**EXERCISE:** Set down word for word each line from the one containing "Apteroloma caraboides" through the end of the records, both included. Do not copy any pictures.

Start of THE DATA

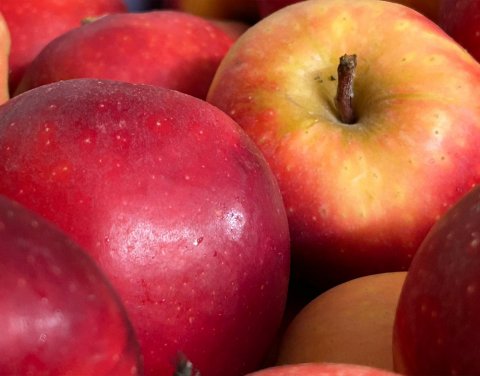 Vente et livraison de pommes rouges Royal Gala sur Saint-Etienne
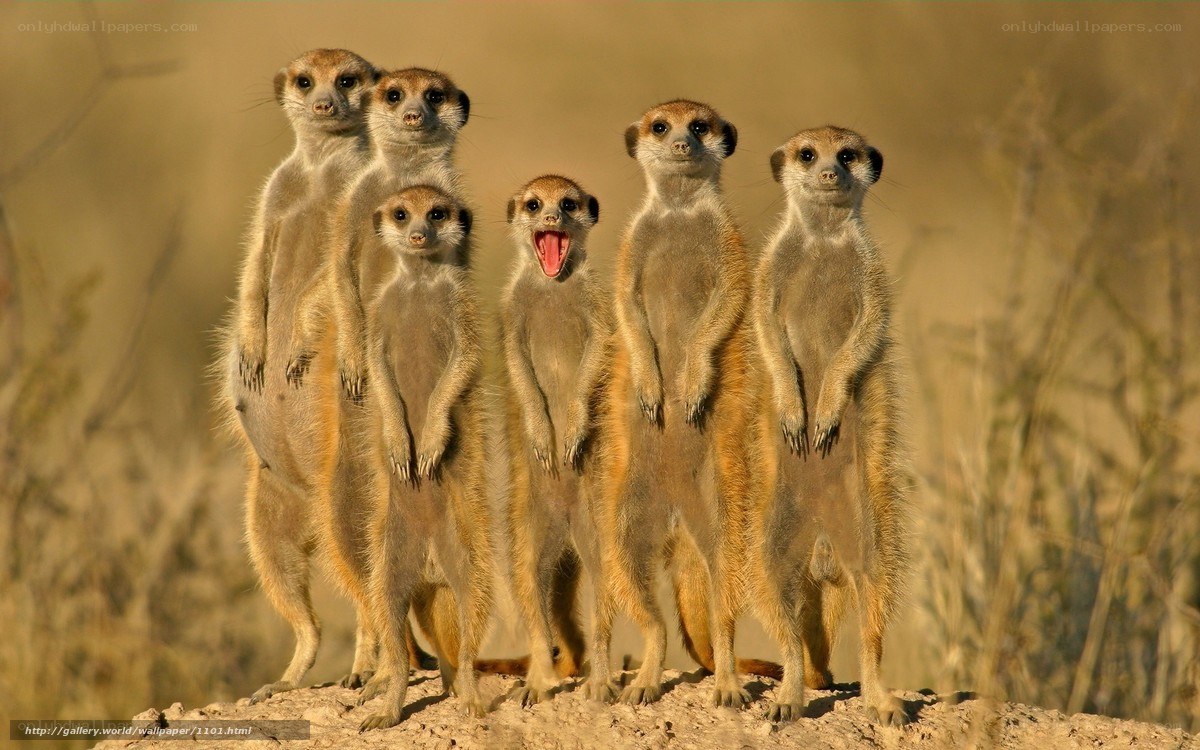 Meerkats standing together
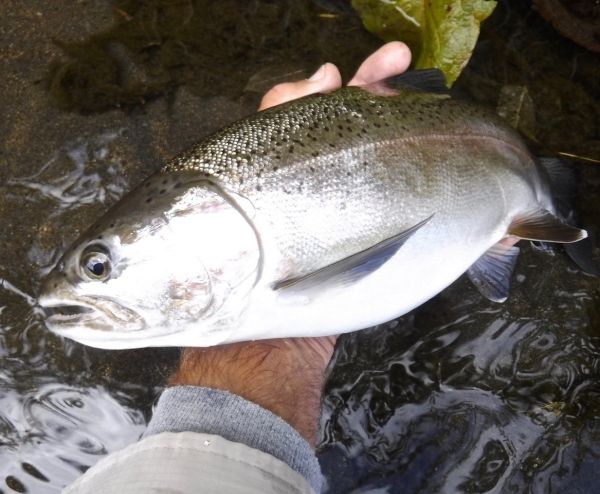 A fat rainbow from another town hot-spot.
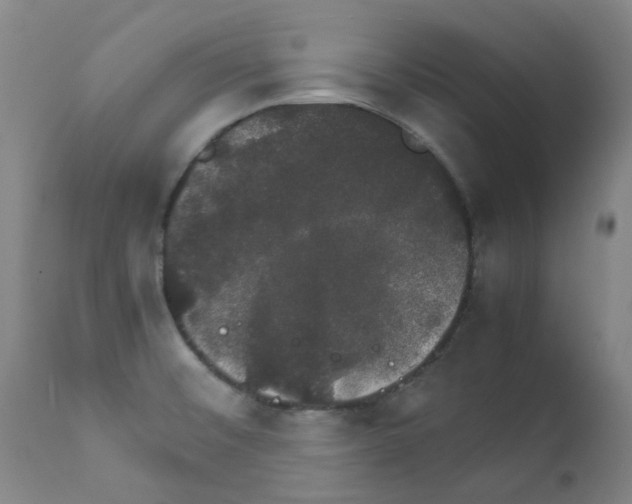 X0000111881476200909031828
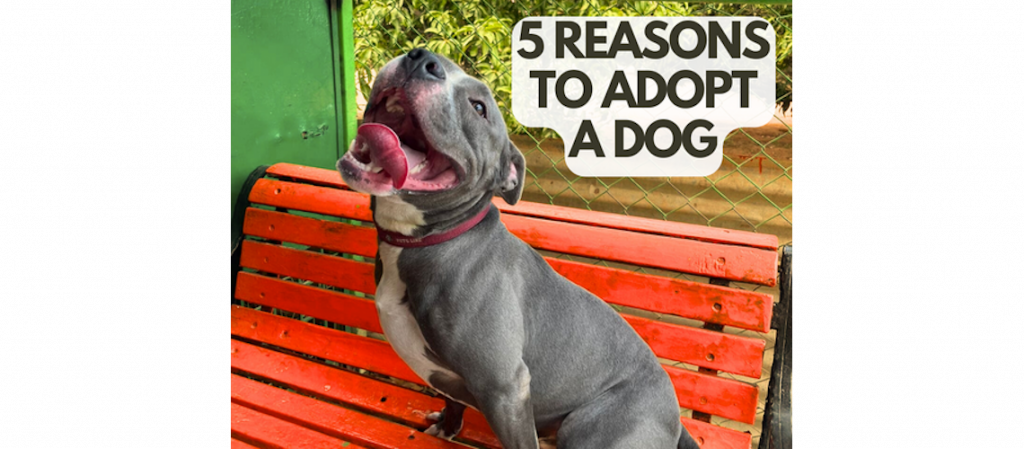 5 reasons why to adopt dogs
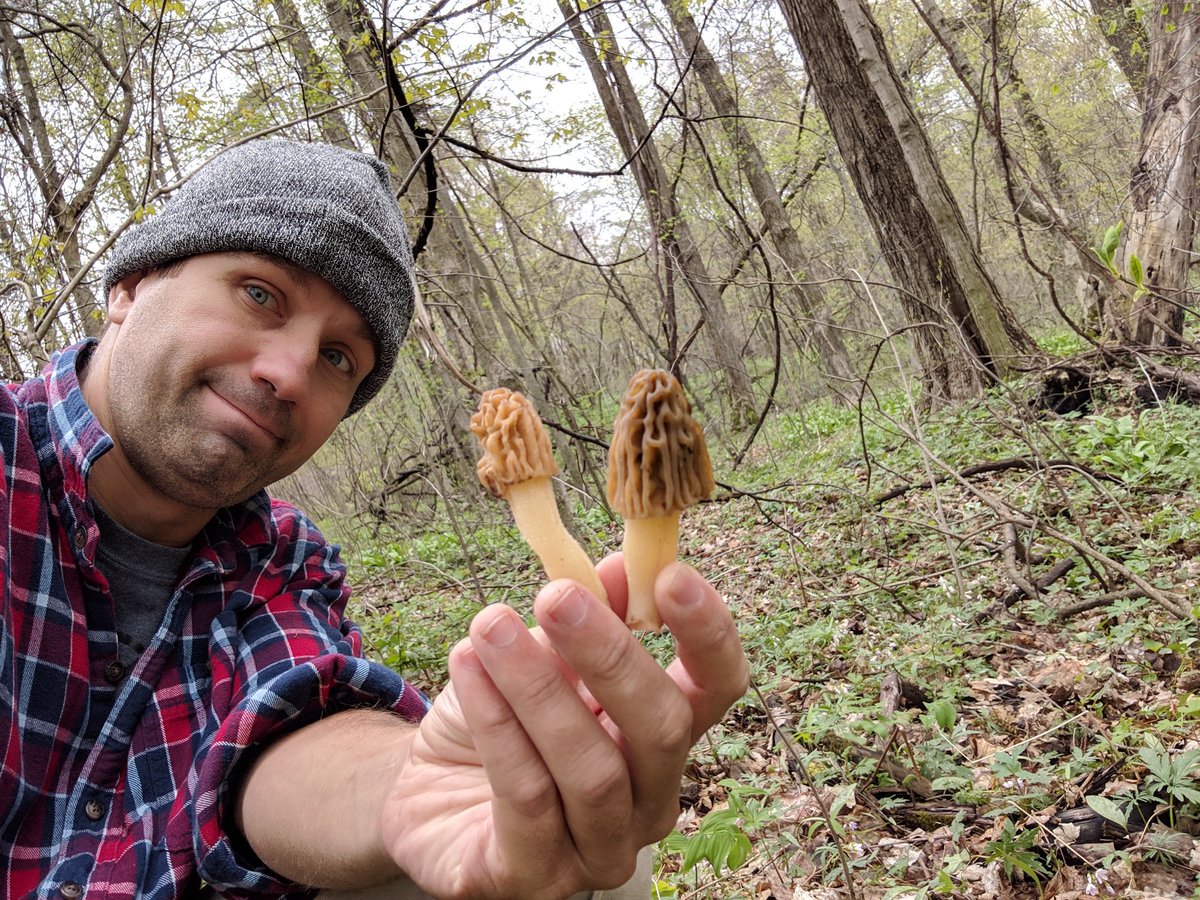 CharlesWieand's tweet image. Name that mushroom....go...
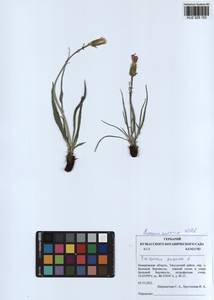 Takhtajaniantha austriaca (Willd.) Zaika, Sukhor. & N. Kilian, Siberia, Altai & Sayany Mountains (S2) (Russia)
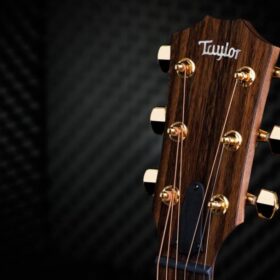 Taylor 50th Anniversary AD14ce-SB LTD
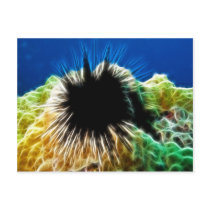 Echinothrix Calamaris Sea Urchin Postcard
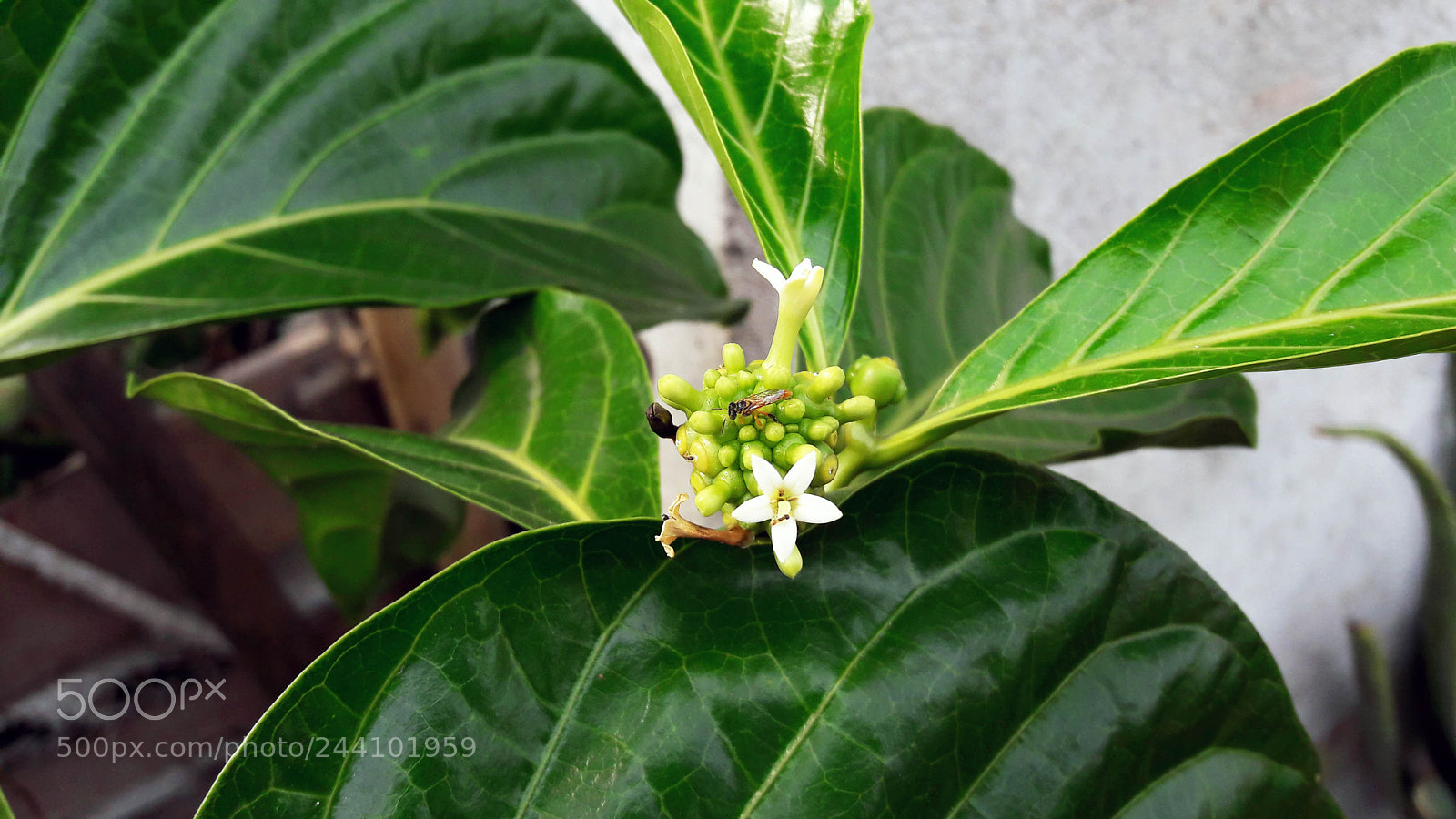 Samsung Galaxy A5(2016) sample photo. Angelita bee photography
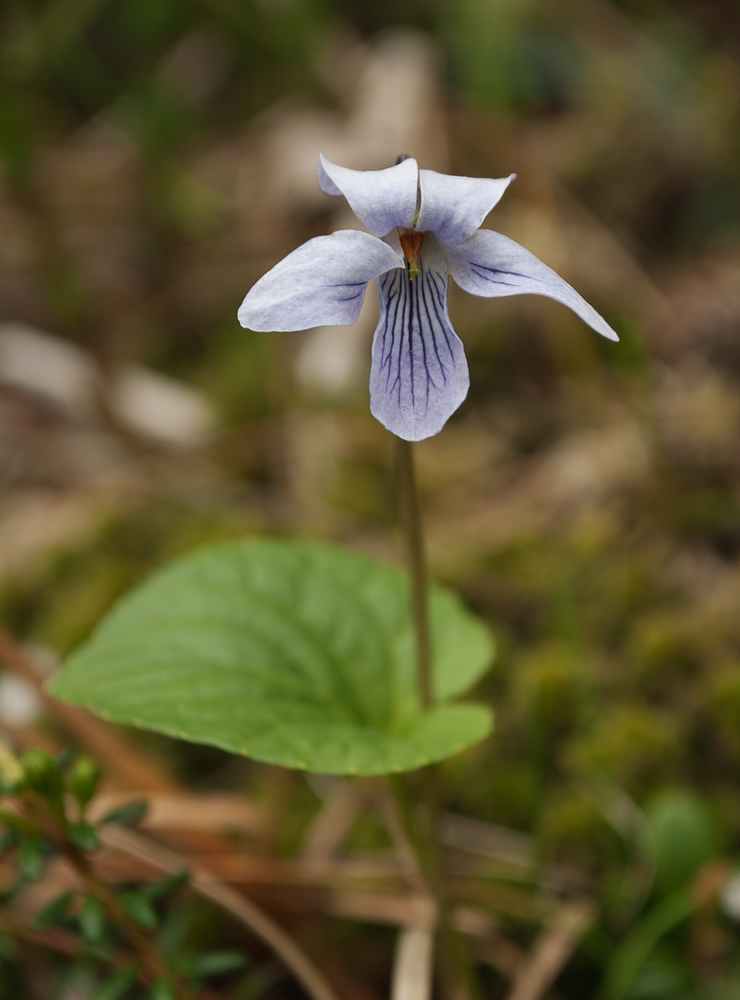 Image of Viola epipsiloides specimen.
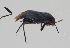  ( - MZH_KZ.7850)  @11 [ ] by-nc (2018) Marko Mutanen University of Oulu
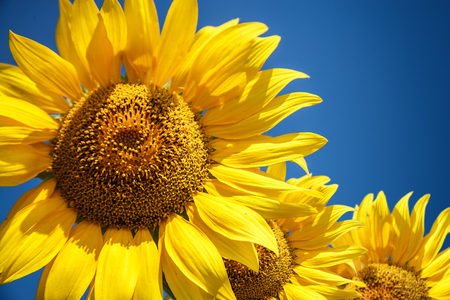 Blossoming raw sunflower on field with blue sky backgroundの写真素材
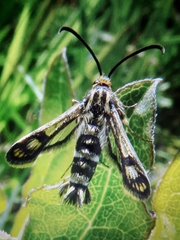 Chamaesphecia empiformis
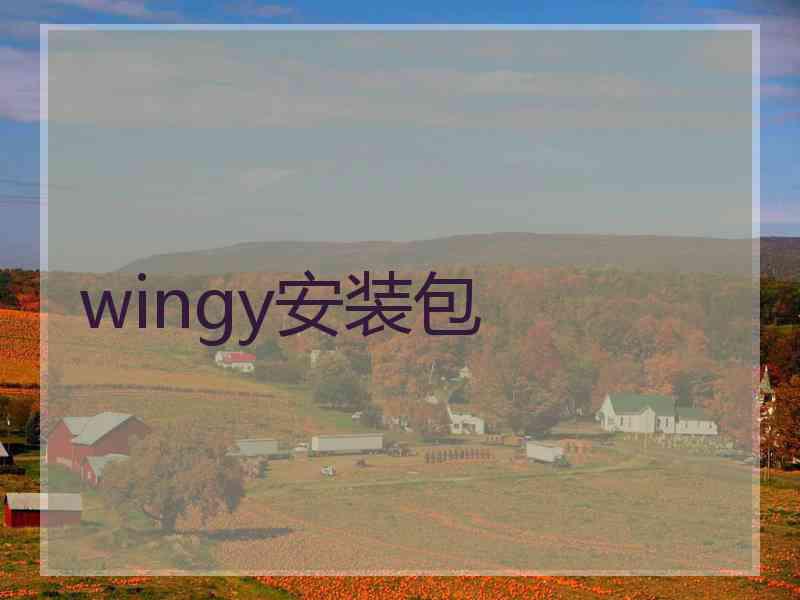wingy安装包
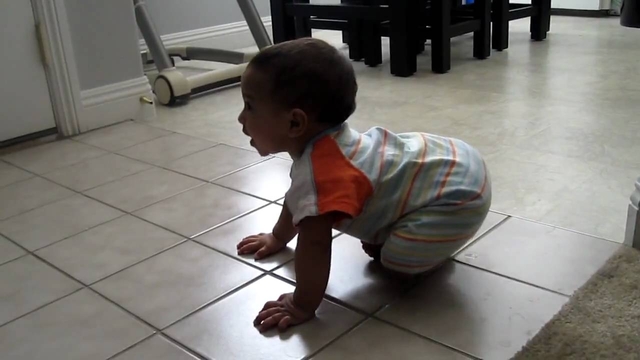 King Sosa at 12-15 Months : Physical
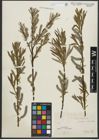 Foto von Salix purpurea L. x Salix viminalis L.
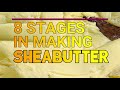 HOW TO MAKE SHEA BUTTER IN UPPER WEST REGION OF GHANA, WEST AFRICA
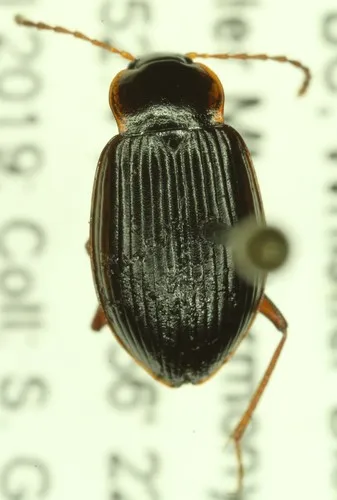 Apteroloma caraboides
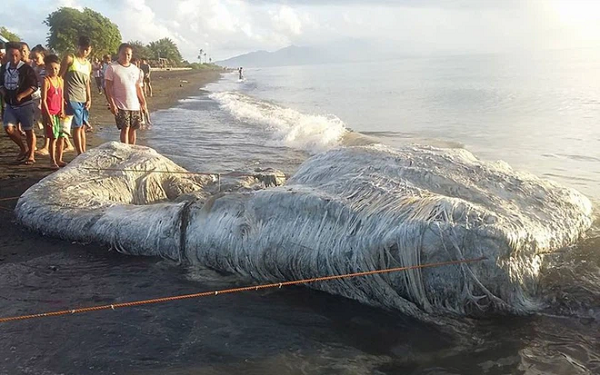 Cư dân ở tỉnh Oriental Mindoro của Philippines đã có một phen hết hồn trước sự xuất hiện của một con quái vật lông lá khổng lồ dài 6m, đang bốc mùi hôi thối vào tháng 5 năm 2018. Sau đó, các nhà khoa học giải thích rằng đây là phần còn lại của một con cá voi.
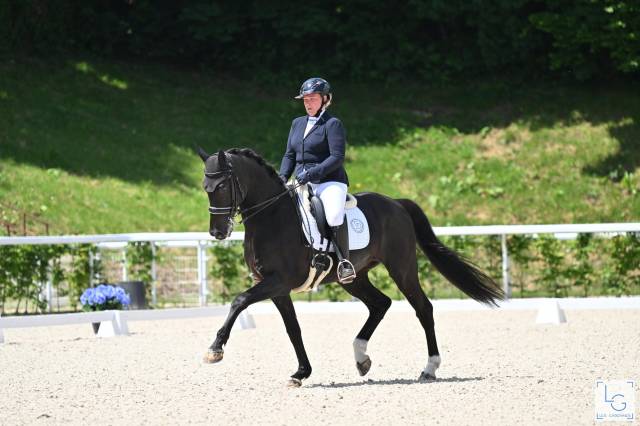 Hongre de 13 ans GP horse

End of THE DATA

**EXERCISE RESPONSE:**
 Apteroloma caraboides
 Cư dân ở tỉnh Oriental Mindoro của Philippines đã có một phen hết hồn trước sự xuất hiện của một con quái vật lông lá khổng lồ dài 6m, đang bốc mùi hôi thối vào tháng 5 năm 2018. Sau đó, các nhà khoa học giải thích rằng đây là phần còn lại của một con cá voi.
 Hongre de 13 ans GP horse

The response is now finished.